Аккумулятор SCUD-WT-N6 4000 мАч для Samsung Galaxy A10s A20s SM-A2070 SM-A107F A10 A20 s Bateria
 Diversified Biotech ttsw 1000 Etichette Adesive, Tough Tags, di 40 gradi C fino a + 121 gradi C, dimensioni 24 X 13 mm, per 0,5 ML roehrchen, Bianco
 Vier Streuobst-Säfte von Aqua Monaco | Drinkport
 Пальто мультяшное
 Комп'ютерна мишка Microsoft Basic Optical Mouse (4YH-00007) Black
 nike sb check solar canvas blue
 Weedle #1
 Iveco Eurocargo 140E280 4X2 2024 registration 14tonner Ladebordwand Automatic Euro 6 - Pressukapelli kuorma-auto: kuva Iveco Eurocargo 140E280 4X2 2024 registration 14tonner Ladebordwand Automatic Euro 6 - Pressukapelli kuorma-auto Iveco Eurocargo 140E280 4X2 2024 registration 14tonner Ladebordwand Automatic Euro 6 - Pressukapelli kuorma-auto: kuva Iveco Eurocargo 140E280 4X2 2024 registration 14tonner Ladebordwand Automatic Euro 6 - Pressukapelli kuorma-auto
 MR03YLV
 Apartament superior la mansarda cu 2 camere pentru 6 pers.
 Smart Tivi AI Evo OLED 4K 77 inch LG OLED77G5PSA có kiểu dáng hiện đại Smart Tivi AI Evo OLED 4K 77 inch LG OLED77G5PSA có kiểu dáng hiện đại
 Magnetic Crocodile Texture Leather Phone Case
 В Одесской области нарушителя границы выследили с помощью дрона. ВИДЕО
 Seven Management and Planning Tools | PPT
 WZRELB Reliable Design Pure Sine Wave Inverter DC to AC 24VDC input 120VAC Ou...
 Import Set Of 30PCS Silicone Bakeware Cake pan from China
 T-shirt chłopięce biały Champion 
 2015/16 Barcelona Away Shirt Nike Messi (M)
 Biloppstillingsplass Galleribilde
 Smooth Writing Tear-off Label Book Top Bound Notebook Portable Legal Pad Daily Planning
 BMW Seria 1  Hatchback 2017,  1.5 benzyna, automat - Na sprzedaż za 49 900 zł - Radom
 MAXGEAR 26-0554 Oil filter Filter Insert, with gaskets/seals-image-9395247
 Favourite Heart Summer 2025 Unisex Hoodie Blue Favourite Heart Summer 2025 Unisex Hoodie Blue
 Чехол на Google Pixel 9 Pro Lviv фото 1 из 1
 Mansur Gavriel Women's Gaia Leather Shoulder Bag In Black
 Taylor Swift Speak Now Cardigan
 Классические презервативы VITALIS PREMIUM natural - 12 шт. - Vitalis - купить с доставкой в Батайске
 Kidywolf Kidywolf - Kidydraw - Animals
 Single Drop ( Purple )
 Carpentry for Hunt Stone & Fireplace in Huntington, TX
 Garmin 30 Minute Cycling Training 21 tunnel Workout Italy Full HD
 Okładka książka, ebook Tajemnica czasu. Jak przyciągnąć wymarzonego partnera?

*Assignment*
The answer should reproduce all of the data without any alteration.

*Task solution*
Аккумулятор SCUD-WT-N6 4000 мАч для Samsung Galaxy A10s A20s SM-A2070 SM-A107F A10 A20 s Bateria
 Diversified Biotech ttsw 1000 Etichette Adesive, Tough Tags, di 40 gradi C fino a + 121 gradi C, dimensioni 24 X 13 mm, per 0,5 ML roehrchen, Bianco
 Vier Streuobst-Säfte von Aqua Monaco | Drinkport
 Пальто мультяшное
 Комп'ютерна мишка Microsoft Basic Optical Mouse (4YH-00007) Black
 nike sb check solar canvas blue
 Weedle #1
 Iveco Eurocargo 140E280 4X2 2024 registration 14tonner Ladebordwand Automatic Euro 6 - Pressukapelli kuorma-auto: kuva Iveco Eurocargo 140E280 4X2 2024 registration 14tonner Ladebordwand Automatic Euro 6 - Pressukapelli kuorma-auto Iveco Eurocargo 140E280 4X2 2024 registration 14tonner Ladebordwand Automatic Euro 6 - Pressukapelli kuorma-auto: kuva Iveco Eurocargo 140E280 4X2 2024 registration 14tonner Ladebordwand Automatic Euro 6 - Pressukapelli kuorma-auto
 MR03YLV
 Apartament superior la mansarda cu 2 camere pentru 6 pers.
 Smart Tivi AI Evo OLED 4K 77 inch LG OLED77G5PSA có kiểu dáng hiện đại Smart Tivi AI Evo OLED 4K 77 inch LG OLED77G5PSA có kiểu dáng hiện đại
 Magnetic Crocodile Texture Leather Phone Case
 В Одесской области нарушителя границы выследили с помощью дрона. ВИДЕО
 Seven Management and Planning Tools | PPT
 WZRELB Reliable Design Pure Sine Wave Inverter DC to AC 24VDC input 120VAC Ou...
 Import Set Of 30PCS Silicone Bakeware Cake pan from China
 T-shirt chłopięce biały Champion 
 2015/16 Barcelona Away Shirt Nike Messi (M)
 Biloppstillingsplass Galleribilde
 Smooth Writing Tear-off Label Book Top Bound Notebook Portable Legal Pad Daily Planning
 BMW Seria 1  Hatchback 2017,  1.5 benzyna, automat - Na sprzedaż za 49 900 zł - Radom
 MAXGEAR 26-0554 Oil filter Filter Insert, with gaskets/seals-image-9395247
 Favourite Heart Summer 2025 Unisex Hoodie Blue Favourite Heart Summer 2025 Unisex Hoodie Blue
 Чехол на Google Pixel 9 Pro Lviv фото 1 из 1
 Mansur Gavriel Women's Gaia Leather Shoulder Bag In Black
 Taylor Swift Speak Now Cardigan
 Классические презервативы VITALIS PREMIUM natural - 12 шт. - Vitalis - купить с доставкой в Батайске
 Kidywolf Kidywolf - Kidydraw - Animals
 Single Drop ( Purple )
 Carpentry for Hunt Stone & Fireplace in Huntington, TX
 Garmin 30 Minute Cycling Training 21 tunnel Workout Italy Full HD
 Okładka książka, ebook Tajemnica czasu. Jak przyciągnąć wymarzonego partnera?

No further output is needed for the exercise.